Białoruś: Protesty wydają się słabnąć. Czy Aleksandr Łukaszenka opanuje sytuację? Bezpieka złamała Cichanouską

Kazimierz Sikorski
Kazimierz Sikorski
AP/Associated Press/East News
Przez trzy godziny agenci białoruskiej bezpieki "namawiali" Swietłanę Cichanouską do wyjazdu z kraju. W końcu ja złamali.

Protestujący zgromadzili się ostatniej nocy koło stacji metra Kammenaya Gorka w centrum Mińska, która przekształciła się w pole bitwy.

Milicja strzelała gazem łzawiący i granatami hukowymi, po czym przeszła przez ulicę i ruszyła na demonstrantów.
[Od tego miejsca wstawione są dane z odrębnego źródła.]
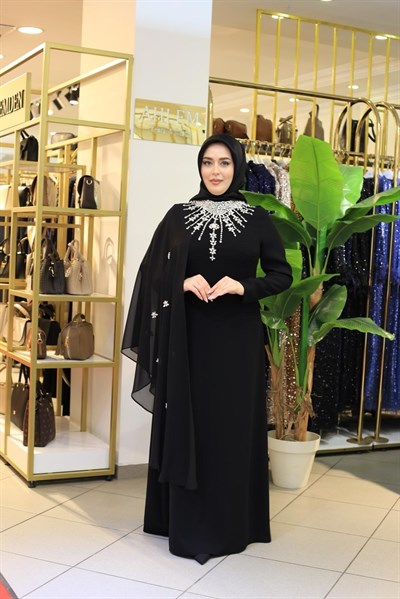 5235 KOD Kragen und Chiffon-Kleid mit Steinen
Ludzie padali uciekając, ale szybko dopadli ich milicjanci, którzy ścigali innych na podwórkach bloków mieszkalnych, gdzie wielu chciało się ukryć.

Gdy dopadli uciekinierów, oficerowie otoczyli ich i bili brutalnie pałami. Mieszkańcy obserwujący z okien wygwizdywali i przeklinali funkcjonariuszy, wzywając ich od najgorszych.

Ktoś nawet rzucił drewnianą drabiną w milicjantów, którzy bili mężczyznę pod oknami.

Wcześniej zespół BBC zaatakowali faceci ubrani na czarno. - Zabierz aparat - ryczeli, gdy do nas podeszli. Pokazaliśmy im akredytacje wydane przez władze, ale jeden z nich wyrwał koleżance jej kartę z szyi.

Gdy zażądaliśmy zwrotu akredytacji, jeden z nich uderzył nas pałką. Serwis opozycyjny Tut.by informował, że dziennikarze byli zatrzymywani także w Brześciu i Grodnie.

Niemal wszyscy zastanawiają się teraz, co zrobi Swietłana Cichanouska, główna rywalka Łukaszenki, którą zmuszono do opuszczenia Białorusi, a wcześniej do odczytania apelu, w którym prosiła rodaków o zachowanie spokoju.

Czy musiała tak postąpić? Czy zdradziła nasze ideały - pyta wielu i każdy ma swoją odpowiedź.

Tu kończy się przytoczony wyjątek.